Deep Learning with Audio Thread

TomB · May 29, 2019, 8:58am

Nice work Robert, not an expert by any mean but have some familiarity with audio and seems mostly correct.
However I think you are a off on FFT length and hop length.

Hop_length is the size (in number of samples) of those chunks. If you set hop_length to 100, the STFT will divide your 52,480 sample long signal into 525 chunks, compute the FFT (fast fourier transform, just an algorithm for computing the FT of a discrete signal) of each one of those chunks.

Hop length isn’t the size of the chunks, it is the spacing of them. Each chunk is n_fft samples long, but spaced hop_length samples apart. So each chunk will will have an (n_fft - hop_length) sample overlap with the next chunk.

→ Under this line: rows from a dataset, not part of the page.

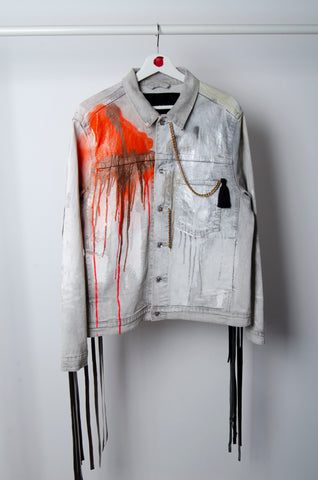 Hand Painted Fringe Denim Jacket - ZAID FAROUKI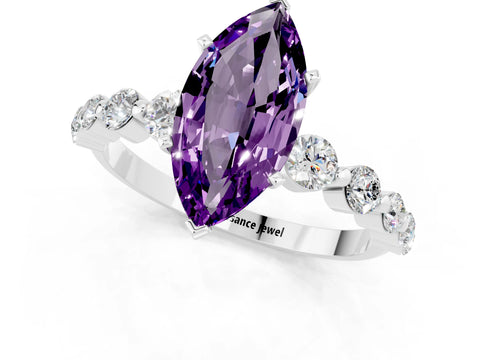 White gold Marquise Cut Solitaire Amethyst Ring with Pave Band and Four-Prong Setting_1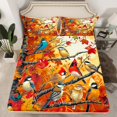 thumbnail image 1 of YST Happy Fall Autumn Bedding Set, Thanksgiving Autumn Maple Tree Birds Bed Sheets For Kids Fall Cardinal Bird Fitted Sheet, Watercolor Print Bed Set Twin With 1 Pillowcase, 1 of 4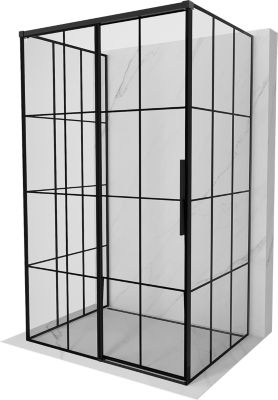 Mexen Rox-3S cabine de douche 3 parois coulissante gauche 105 x 85 cm, grille noire, noire - 8C2-105-085-70-77-3S-L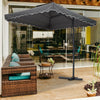 Garden Parasol Banana Cantilever Umbrella Crank Sun Shade Patio Outdoor W/ Base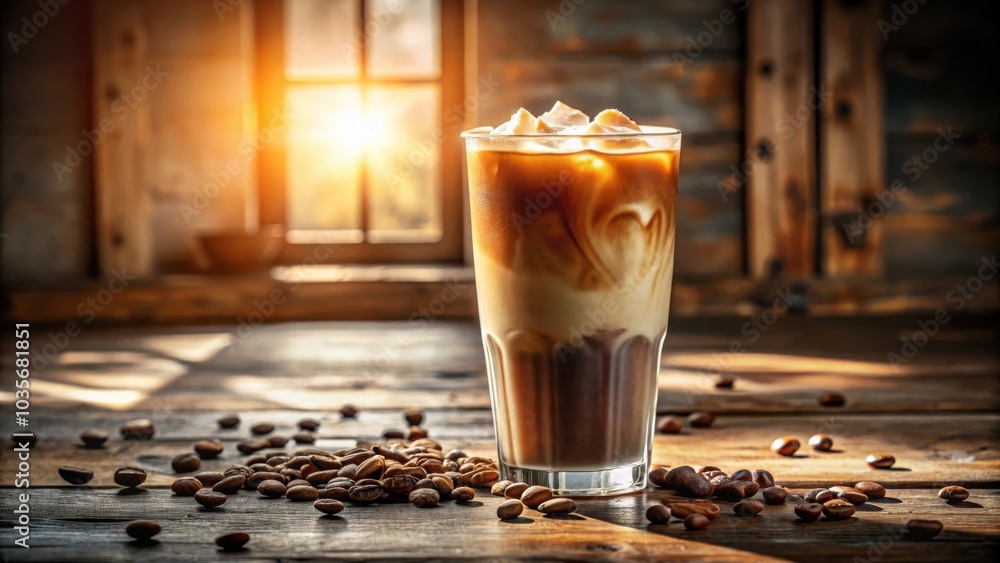 A refreshing iced coffee beverage with a creamy topping, scattered coffee beans, and sunbeams illuminating a rustic wooden table. A refreshing iced coffee beverage with a creamy topping, scattered coffee beans, and sunbeams illuminating a rustic wooden table.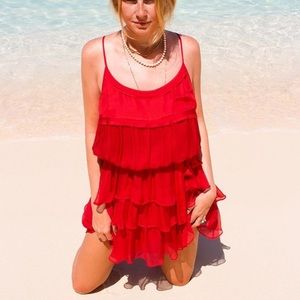 Elizabeth & James Silk Tiered Red Dress M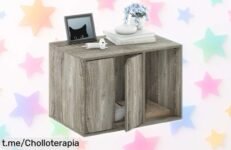Mesa auxiliar y refugio para tu mascota Furinno Peli en roble gris ahora a precio rebajado, soporta hasta 7 kg y es el rincón ideal que estabas buscando ¡Date prisa antes de que se acaben estas unidades voladoras!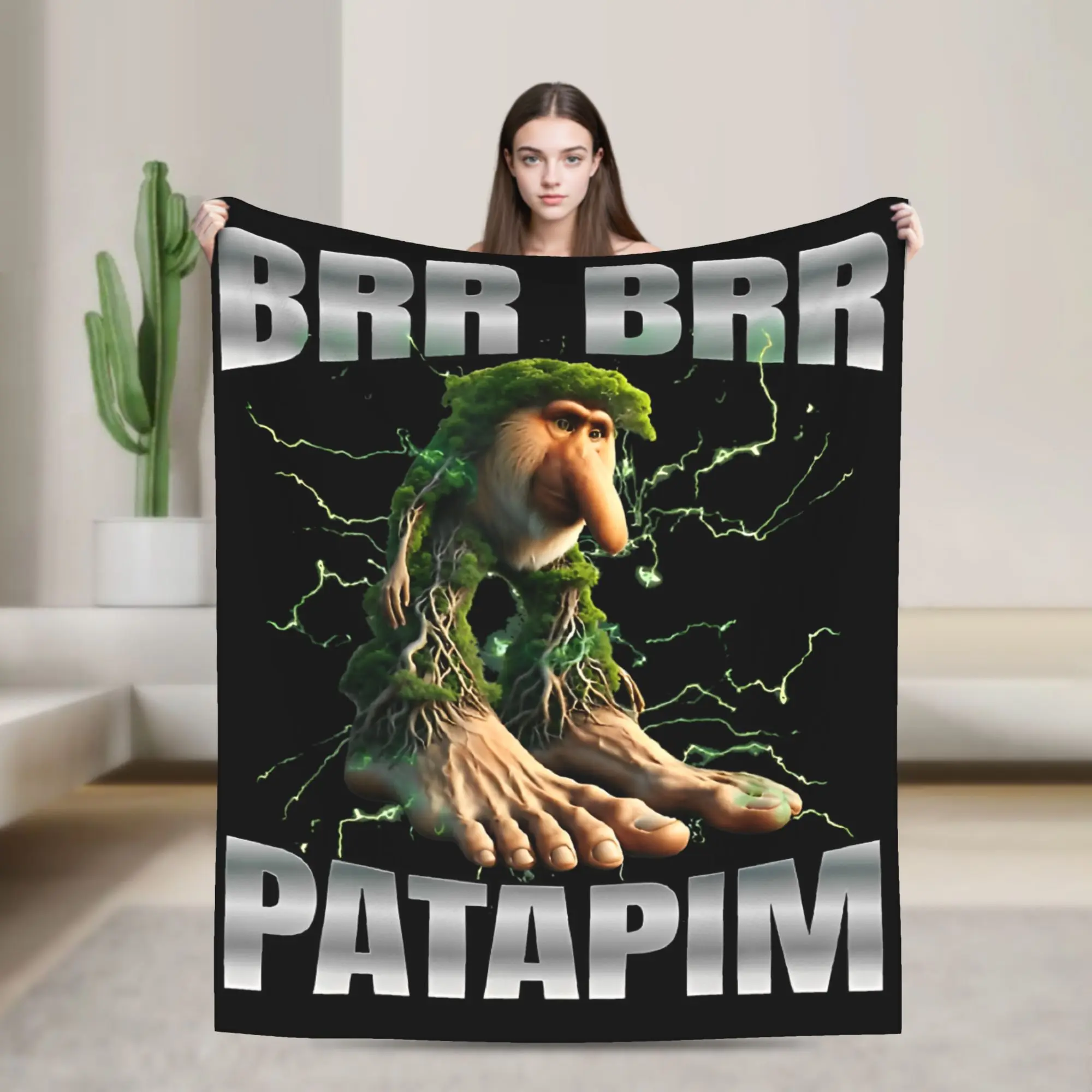 Italian Brainrot Brr Brr Patapim Meme Blanket Ultra Soft Lightweight Flannel Plush Thin Quilt For Spring Autumn Use Perfect Home Car Comfort Machine Washable Durable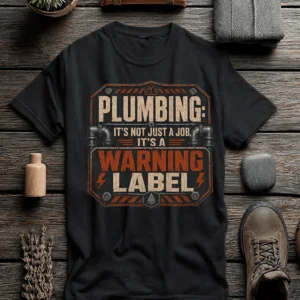 Plumbing Warning Label T-Shirt — Funny Plumber Shirt — dark-grey t-shirt, flat-lay product photo | Pressure Tested Co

output of each FFT will be a 1D tensor with n_fft # of values

It is actually a tensor of length (n_fft//2) + 1, so with an n_fft of 1024 there will be 513 values

Window length is different again (and I’m a bit less clear here but think this is correct, -ish at least). First the signal is split into n_fft sized chunks spaced hop_length samples apart. Then the “window function” (function in the mathematical sense) is applied to each of those chunks. There seem to be tricks you can use with window lengths larger/smaller than your n_fft to accomplish various things which I don’t really understand. By default win_length = n_fft.

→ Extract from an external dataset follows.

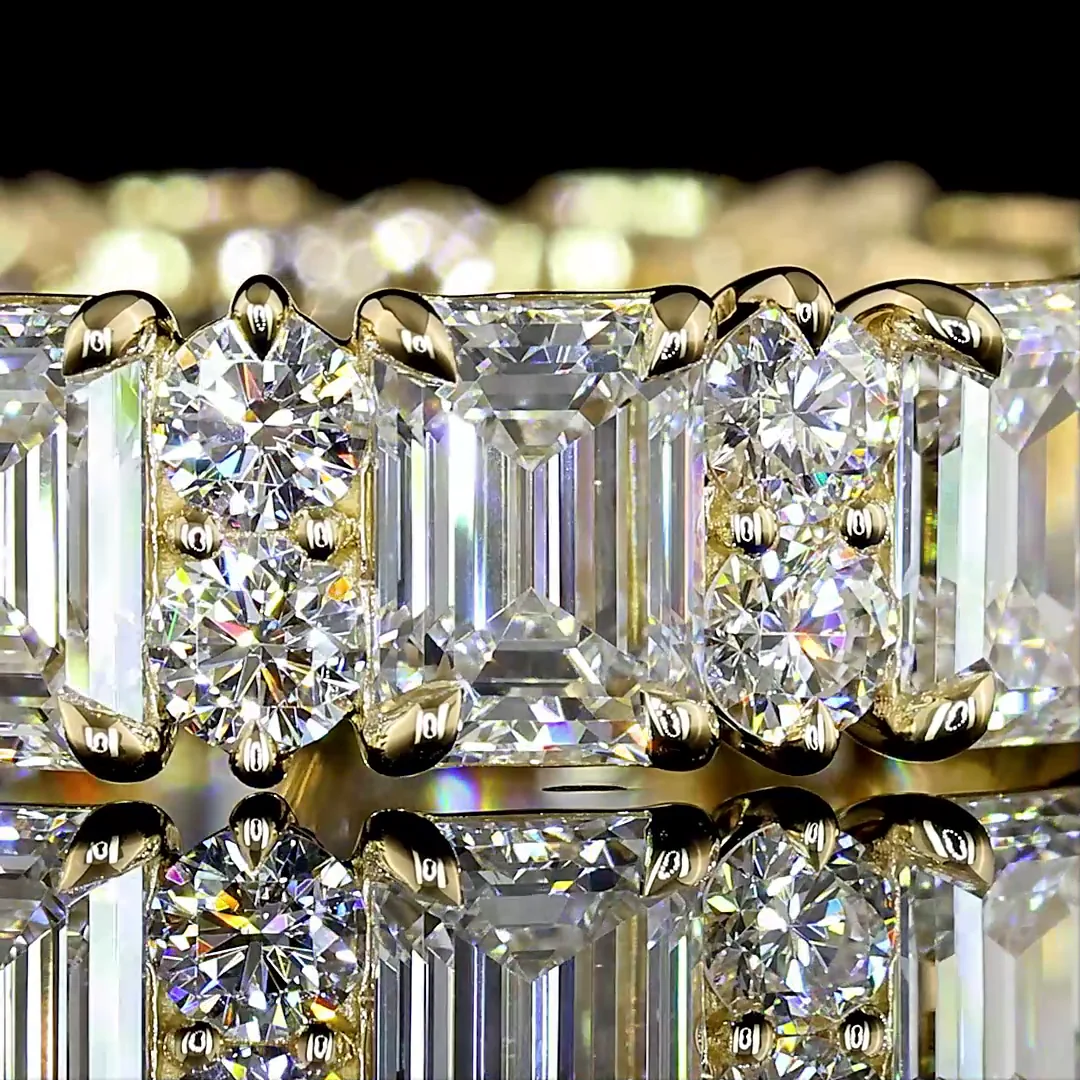 4.1 Cts 14k Yellow Gold Mix Shape Eternity Band Eternity Band - Image 3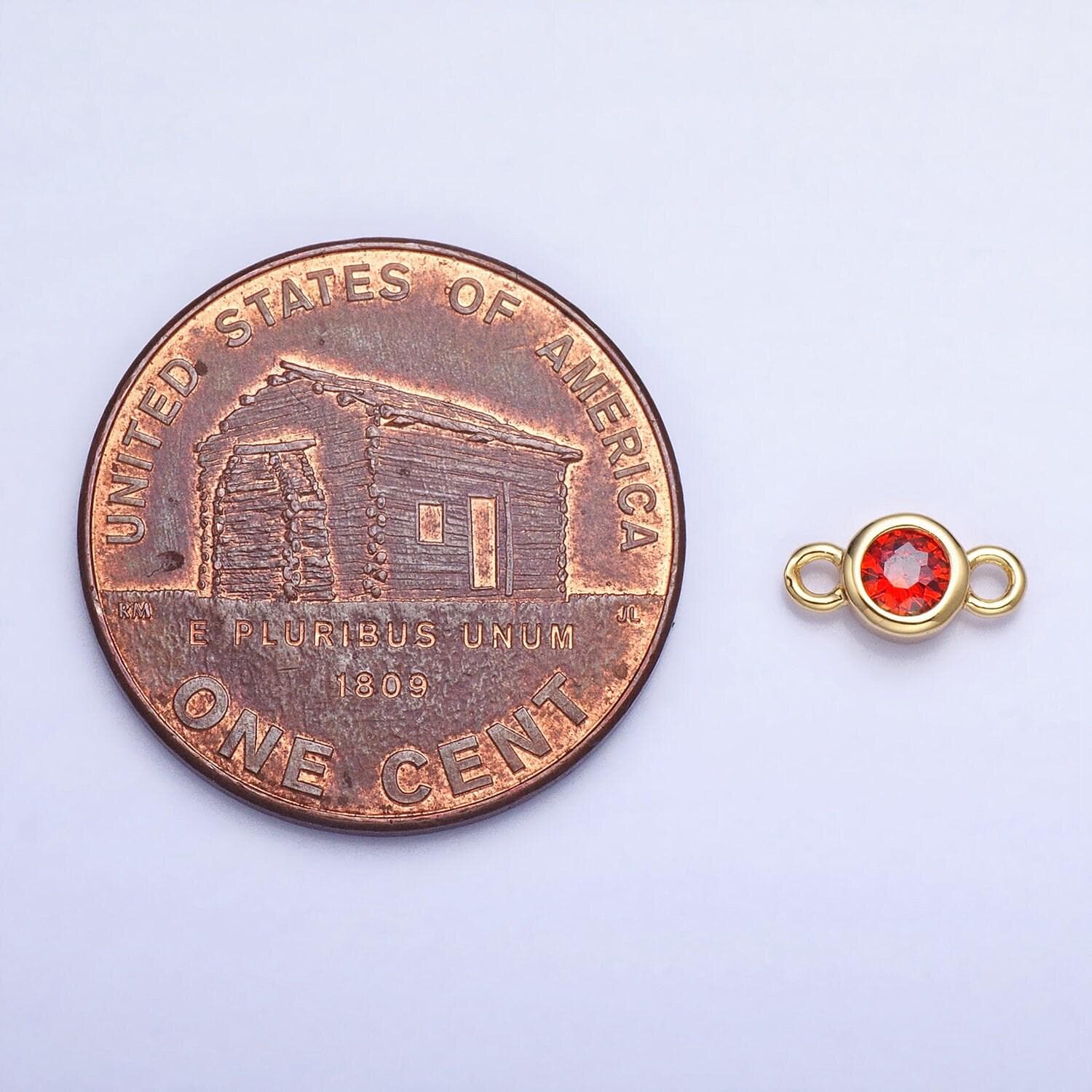 4mm gold bezel cut charm connectors cubic zirconia bezel charm for bracelet necklace supply in gold plated cz birthstone connectors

I put together a notebook illustrating this here. At first I just tested some things to verify for myself I was correct, again no expert feel free to correct me if you think I’m wrong as I may well be. So I didn’t edit the existing one, but I then added text rather than commenting here. Feel free to integrate into the existing one or I’ll look at that at some point. I didn’t add any code to produce meaningful signals (just zeros) which you did nicely so couldn’t cover some of that side.

I think you are also a bit off when you say:

When we increase resolution in the frequency dimension (y-axis), we lose resolution in the time dimension, so there is an inherent tradeoff between the choices you make for n_fft, n_mels, and your hop_length.

This is true of the FFT where the choice of n_fft trades off temporal resolution for frequency resolution as it determines both. You have n_fft//2 frequency bins, but your spatial resolution is limited to sample_rate/n_fft, e.g. 16000/1024=15.625 means a temporal resolution of 15.6 milliseconds. But this is why you use the STFT. This separates temporal resolution, determined by hop_length, from frequency resolution, set by n_fft.
There’s still a bit of a tradeoff as while you get an FFT every hop_length samples it is still giving you frequencies over the next n_fft samples not just those hop_length samples, but it isn’t the direct tradeoff of the FFT. And using a window function will balance this out a bit, reducing the sort of temporal smearing a larger n_fft will give without a window function. So you are correct that there is still a tradeoff but it’s not the simple frequency resolution vs. time-resolution of a standard FFT. Thus you see that when you raised n_fft from 1024 to 8192 you still got the same 206 time values based off your hop_length.

And as a very minor quibble, the humans hear 20Hz-20kHz is a commonly quoted but rather inaccurate number. That tends to be the sort of range you’d try and design audio electronics to work across but we don’t really hear the edges of that range. The top of hearing is more like 15-17kHz for the very young (and that’s the real limits of perceptibility), 13-15kHz for middle age, then dropping as you get older. And speech tops out below 10kHz and even just up to 4kHz remains intelligible (hence the 8kHz sample rate you see on lower quality stuff). At the bottom end anything below about 160Hz is not really heard but felt and a cutoff around here is common even at music events with huge speakers (in part due to these lower frequencies requiring a lot of power to reproduce and still often just being a muddy rumble). I mainly mention this because these outsides of the range are what are cutoff with various parameter choices but you shouldn’t generally worry much about trying to preserve that full 20Hz-20kHz range. A 22050 sampling rate, and so 11kHz cutoff, likely wouldn’t lose much useful information even for music.